As any organically evolved imperfect software, my app grew its own home-brewed unplanned core data structure that almost every system depends on. Uprooting, or even slightly shaking it, might cause seams in unforeseen reaches of the codebase.
Mine is an internal intermediate representation of songs and the choreography around them. The core app is written in TypeScript while many services for generating and analyzing the music are written in Python.
Songs have to be represented and handled in both ecosystems. Sometimes we also have to convert them to or from MusicXML.
But the details don’t really matter — not for you to read about, and not even for me to think about. This is a classic black box for an agent to build.
We just need it to work. Not a single soul will care if it’s a heaping steaming pile of garbage code so long as the right input maps to the right output.
The internals are decoupled from the outside world — no one nowhere should give a thought to what’s inside the belly of the beast.
And yet, I care. I looked. I got curious during a code review.
Among the highlights:
750 lines of joy in validation.py, including life-saving helpers such as _validate_optional_bool and _expect_string.
An attempt at a half-baked re-invention of JSON serialization, featuring beautiful gems as if value is True: return "true".
A roundtrip.py for space-ship-worthy end-to-end verification: careful handling of the nuances of omitted vs. undefined fields and a delicate dance around the possible random order of object keys.
This is horrible. And stupid. And not important in the slightest.
So I was sitting in the garden, smoking a cigarette, thinking: When will I ever get to fix this? And the answer is: Never.

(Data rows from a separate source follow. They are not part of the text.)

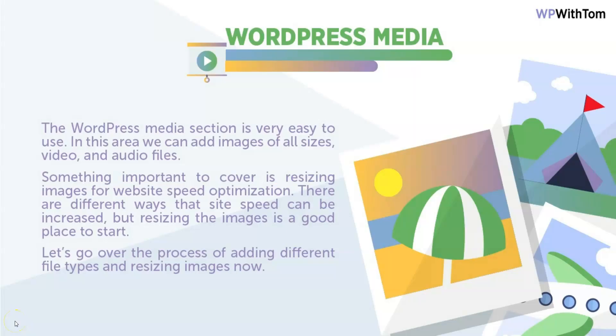In this video, I'm going to go over WordPress media and the tab in the left sidebar. The WordPress media section is very easy to use, and in this area we can add images of all sizes, videos, and audio files.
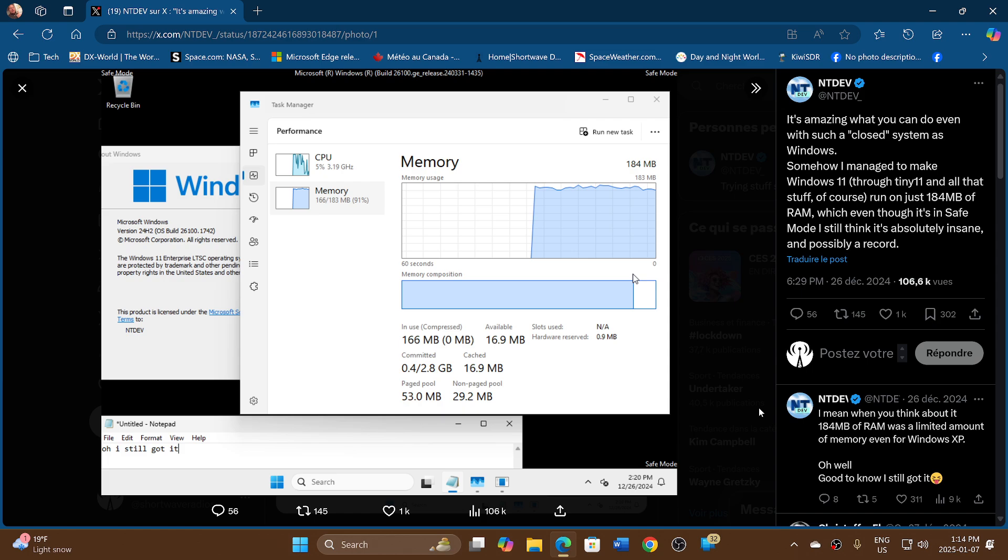I remember having 256 megabytes for Windows XP and it was not very fast. I had to move it to 512 at least. Pretty amazing what we can do when we put our mind to it, and NTDev definitely did.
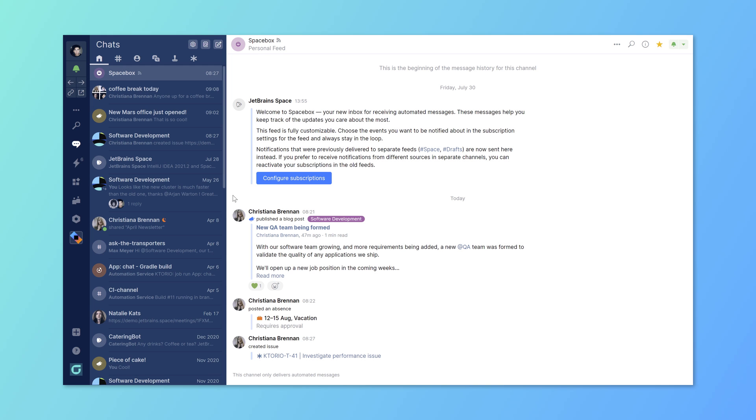Chats are your central hub for communication and sharing information. You can use chats to send messages to your colleagues and to get personalized notifications, requests and alerts about anything that happens in space.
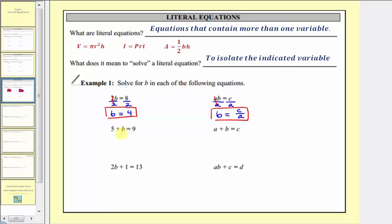Next we have 5 + b = 9. Our goal here is to isolate b on the left side of the equation, so we don't want this five here. To undo this positive five, we'll subtract five on both sides of the equation. Simplifying, five minus five is equal to zero, so on the left we just have b. On the right we have nine minus five, which equals four. Our solution is b equals four.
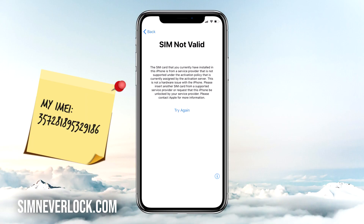If you want to learn how to solve this problem you should continue watching. I'm Jess from SimNeverLock and in this video I'm going to show you how to unlock an iPhone when you have the SIM not valid or SIM not supported problem.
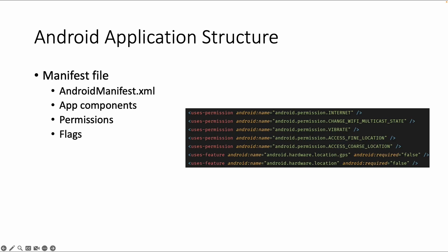So if you're calling some external API, it probably needs the internet permission. Maybe you also want to do something with a user location, then it could need permission about the GPS, for example, and also flags. You could have feature flags or other flags which you can define in the Android manifest file.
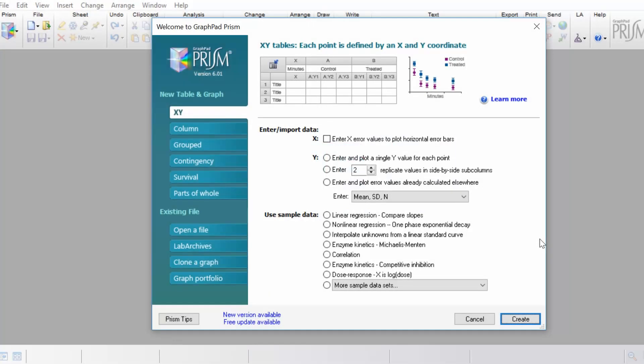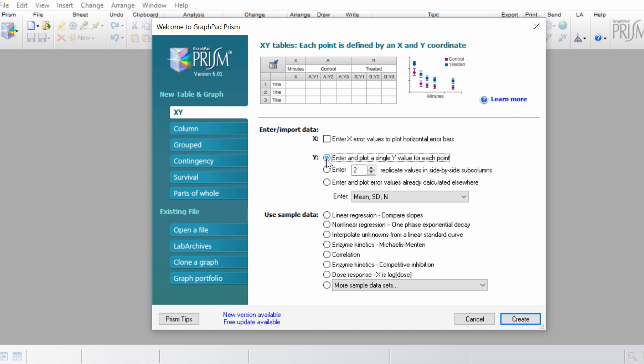So with GraphPad open, I'm going to select the X, Y table and graph type. Then under Y, I'm going to select the option that says enter and plot a single Y value for each point, and then I'm going to click the create button.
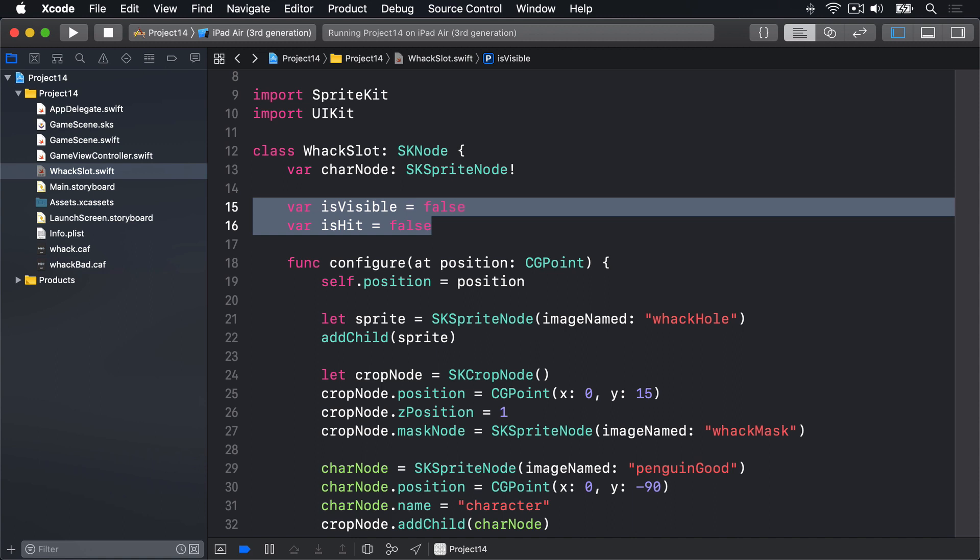However all the above should only happen if a slot isn't already visible because it could cause havoc. So the very first thing the method needs to do is check whether isVisible is true and if so exit.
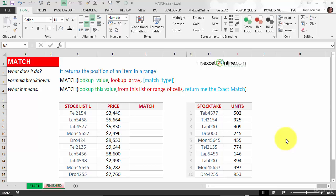The MATCH function returns the position of an item within a range. The formula breakdown is lookup value, lookup array, and match type.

I will never have a day where this will be my top priority. I will never care enough to put it on the roadmap, will never sneak an hour at night to get it polished.

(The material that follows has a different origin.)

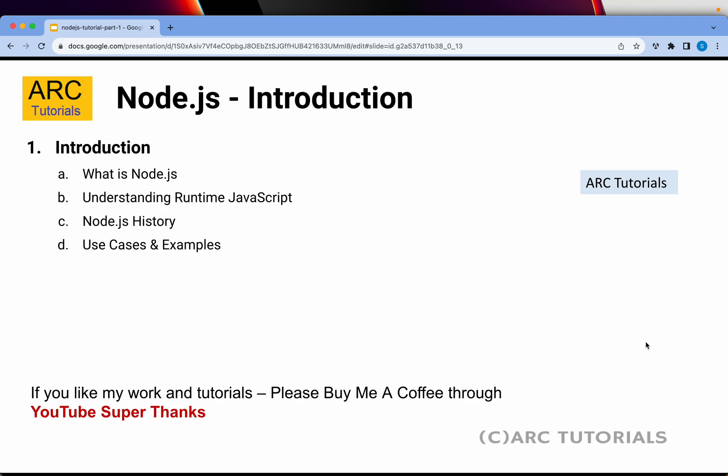I am very excited to cover this entire series for you. Please do hit that like button to keep encouraging and motivating me. Thank you in advance. Today we are going to cover the introduction of Node.js — what Node.js is, the runtime environment of JavaScript, a little bit about Node.js history, and its use cases and examples.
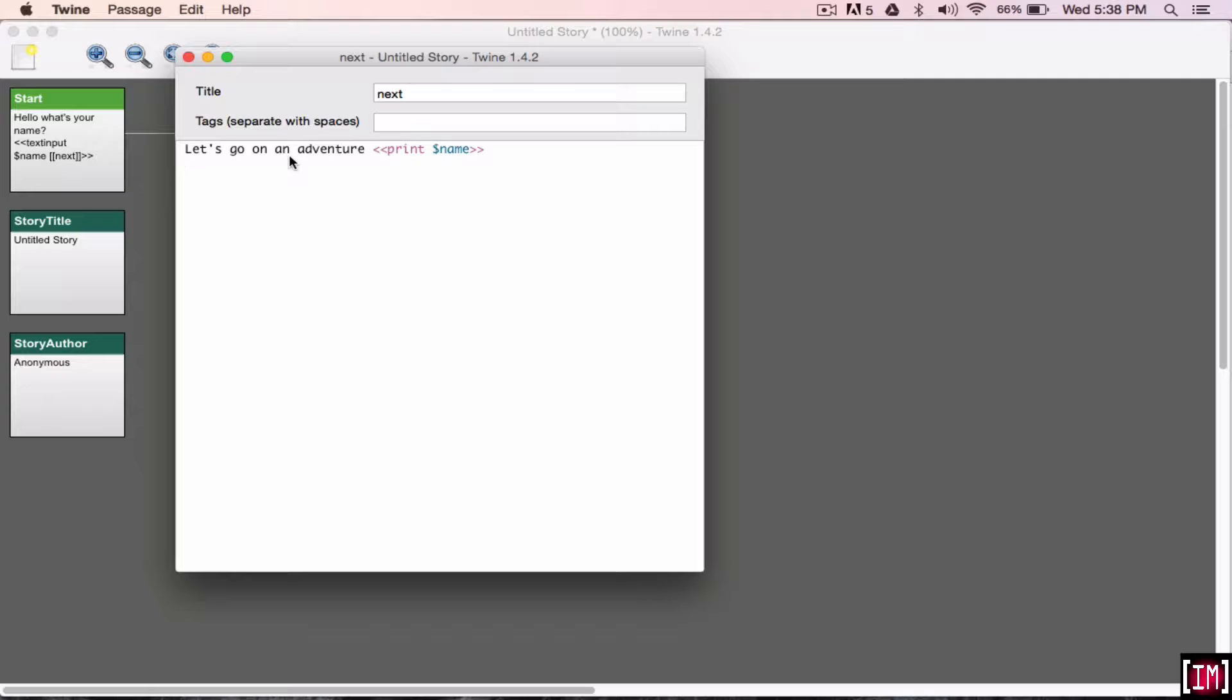So, now I'm going to show you a couple of buttons. So I'm going to show you the checkbox button first. This is a checkbox macro. So, let's take some supplies with us. Take as many as you would like.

The most I can do is fire away one of the myriad template deslop prompts I routinely have at the ready and pray it smooths things over rather than slap another over-engineered patch on top.
This is the right call, but it does not make me happy.
I could only find one future scenario that will force me to wade into a refactor of this mess: if it prevents the agent from swiftly creating other messes.
Can God create a stone so heavy that even He could not lift it? I don’t really care. But I do know that AI can write code that is too complex for an AI to understand.
If and when this module will grow enough tentacles to make further changes a cumbersome, hairy, token-heavy, and error-prone effort, then I’ll have no other option than to roll up my sleeves and yell at my robot to mow down the lawn.
Until then we just live the with bloat.